Encrypted mobile phones have become a “big problem” for gardaí tackling gangs and they are seeking expanded powers to demand passwords to access them.
The country’s top gangs, including the Kinahan crime cartel, are replacing encrypted phones — costing around €1,500 each — “every couple of weeks”, a senior garda has said.
In an interview, Detective Superintendent Seamus Boland of the Garda Drugs and Organised Crime Bureau told the Irish Examiner:
Det Supt Boland said gardaí are seizing more encrypted phones.
“They are a big problem,” he said. “It’s a daily experience for us now, dealing with the level of criminal we are dealing with.

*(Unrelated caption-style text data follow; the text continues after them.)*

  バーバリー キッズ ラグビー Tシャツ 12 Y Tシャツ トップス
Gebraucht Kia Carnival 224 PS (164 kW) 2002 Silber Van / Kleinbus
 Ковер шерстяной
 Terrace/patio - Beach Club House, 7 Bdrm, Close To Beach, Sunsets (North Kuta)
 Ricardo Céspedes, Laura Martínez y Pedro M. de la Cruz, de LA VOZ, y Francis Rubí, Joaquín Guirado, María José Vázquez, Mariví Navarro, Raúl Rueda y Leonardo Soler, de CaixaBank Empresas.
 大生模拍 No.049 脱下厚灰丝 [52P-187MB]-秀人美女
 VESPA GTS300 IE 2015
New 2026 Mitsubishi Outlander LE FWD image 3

They will all have an ordinary phone and a PGP [encrypted Blackberry] phone for nothing else than directing drug trafficking, money laundering, shootings, and murders.”

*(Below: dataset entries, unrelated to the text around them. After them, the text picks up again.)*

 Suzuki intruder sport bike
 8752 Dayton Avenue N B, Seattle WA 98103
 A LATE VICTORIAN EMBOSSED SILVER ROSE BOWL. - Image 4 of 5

He said there is a provision under the Theft and Fraud Offences Act 2001 that, when operating on a court search warrant, gardaí can demand passwords to access a computer and that people have been jailed for refusing to do so.
However, he said the power only exists for offences under that act and can not be used for other crimes.
He said the likes of the Kinahan cartel regularly distribute a large number of encrypted phones — “20-25 at a time, definitely”— with each phone costing €1,500-€1,600.
“Because of the security aspects of the bigger groups, they will change their encrypted phones every couple of weeks,” he said.
Det Supt Boland said they are in “continuous interaction” with the Department of Justice and legal people and often make recommendations “where legislation might benefit us”.
Asked if they have specifically raised the encryption matter: “Yes, and it is being reviewed.”
This issue of greater garda powers to access encrypted devices was raised by the Garda Inspectorate last year in a review of Garda investigations of child sex abuse.
The report of a Government implementation body said the department accepts in principle it will consider the matter, including the broader application to other crimes.